AVAILABLE DATA -
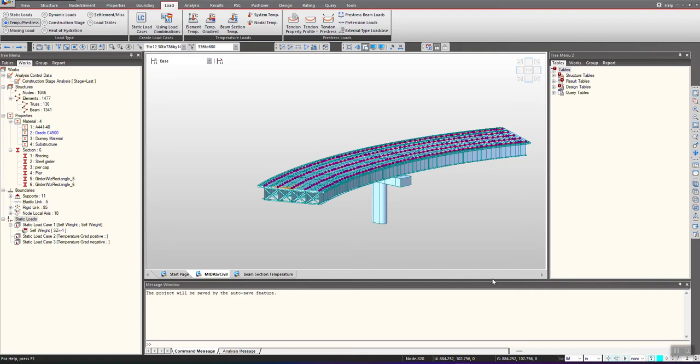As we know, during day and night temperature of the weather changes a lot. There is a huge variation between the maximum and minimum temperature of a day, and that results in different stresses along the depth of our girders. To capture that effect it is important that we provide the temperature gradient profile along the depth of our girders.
* * *
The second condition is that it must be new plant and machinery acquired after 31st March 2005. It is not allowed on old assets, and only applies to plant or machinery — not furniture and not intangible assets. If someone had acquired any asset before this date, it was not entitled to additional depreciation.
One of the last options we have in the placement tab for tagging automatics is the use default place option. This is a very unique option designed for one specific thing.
* * *
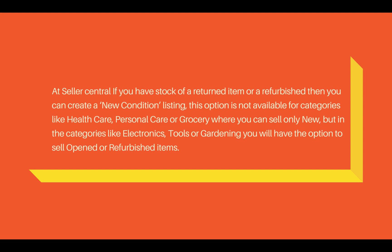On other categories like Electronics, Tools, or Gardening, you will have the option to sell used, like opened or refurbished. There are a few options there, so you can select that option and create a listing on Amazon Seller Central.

WORK REQUEST -
Transcribe, exactly and without additions, the lines of the records above, beginning with the line that contains "The second condition" and ending with the line that contains "One of the last", both included.

COMPLETED TASK -
The second condition is that it must be new plant and machinery acquired after 31st March 2005. It is not allowed on old assets, and only applies to plant or machinery — not furniture and not intangible assets. If someone had acquired any asset before this date, it was not entitled to additional depreciation.
One of the last options we have in the placement tab for tagging automatics is the use default place option. This is a very unique option designed for one specific thing.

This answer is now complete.